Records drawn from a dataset
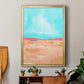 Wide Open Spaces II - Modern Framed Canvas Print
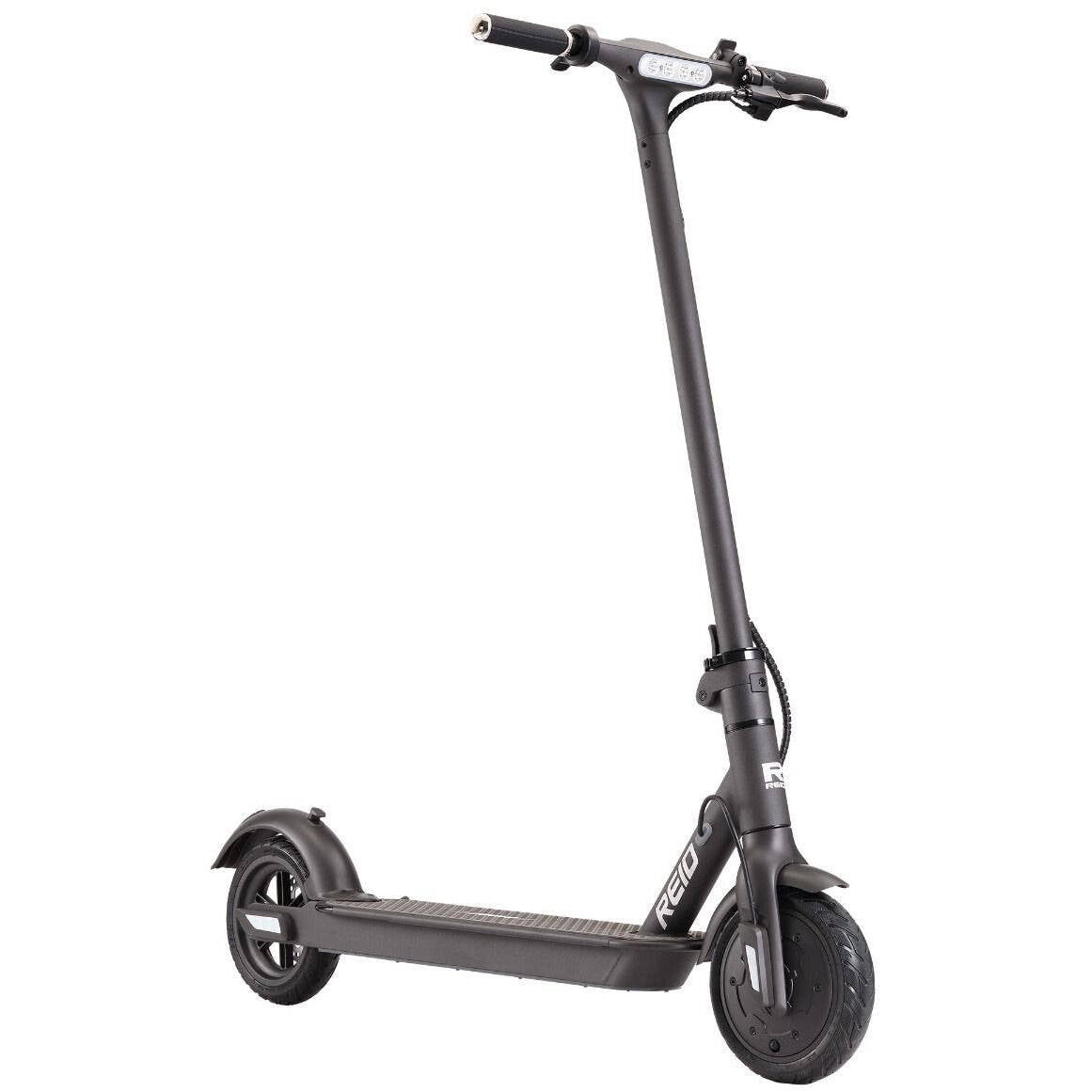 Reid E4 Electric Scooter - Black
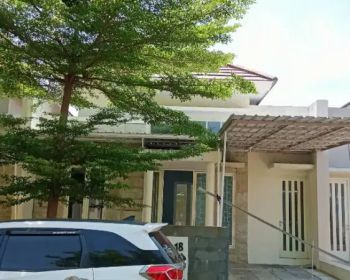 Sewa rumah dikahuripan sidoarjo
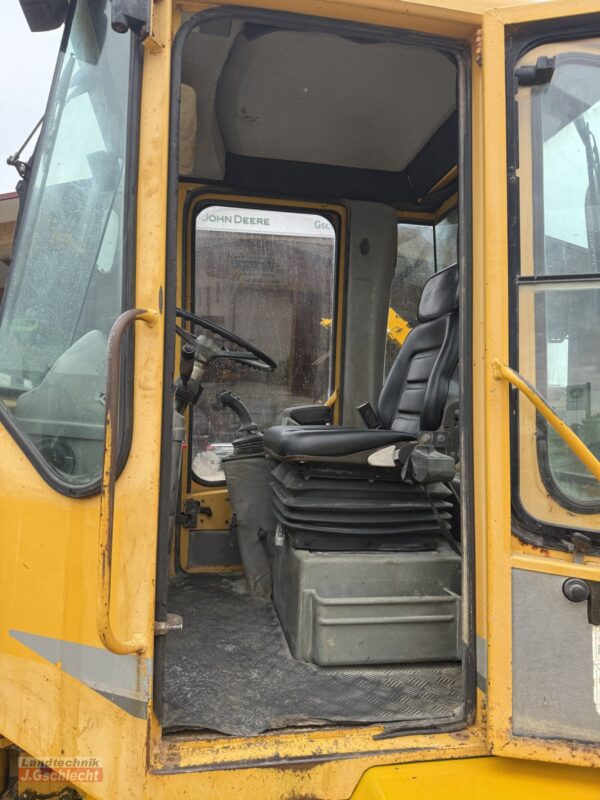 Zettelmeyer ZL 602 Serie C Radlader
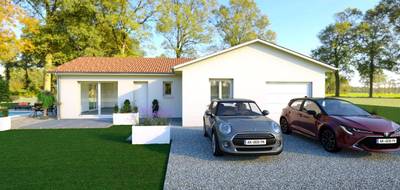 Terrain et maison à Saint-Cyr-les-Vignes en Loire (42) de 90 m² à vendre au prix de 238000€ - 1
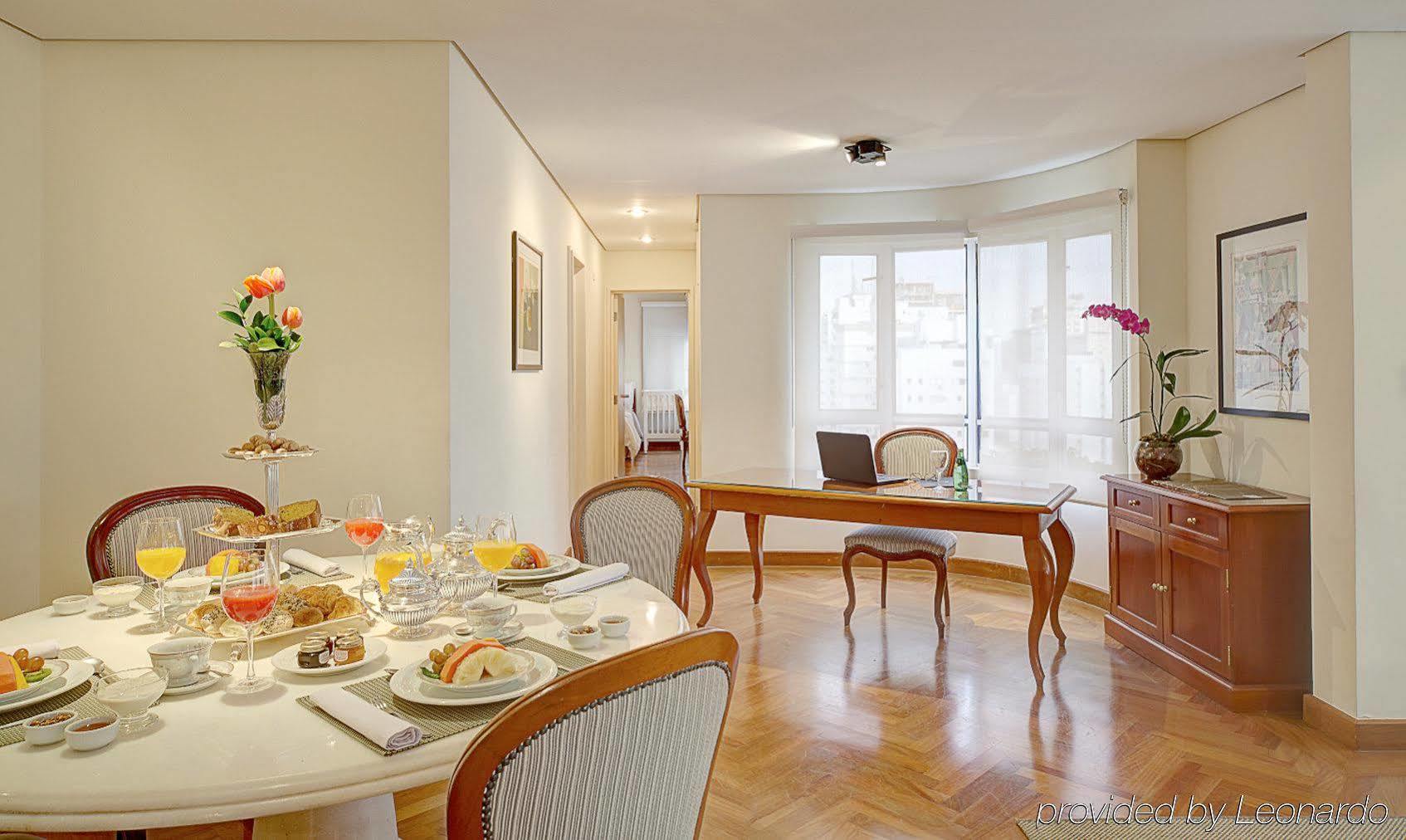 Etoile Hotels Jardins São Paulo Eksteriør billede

WORK INSTRUCTIONS => Above are the records. Copy exactly, and only, the lines from the line containing "Terrain et maison" through the last one, omitting any pictures.

SOLUTION TO THE PROBLEM =>
 Terrain et maison à Saint-Cyr-les-Vignes en Loire (42) de 90 m² à vendre au prix de 238000€ - 1
 Etoile Hotels Jardins São Paulo Eksteriør billede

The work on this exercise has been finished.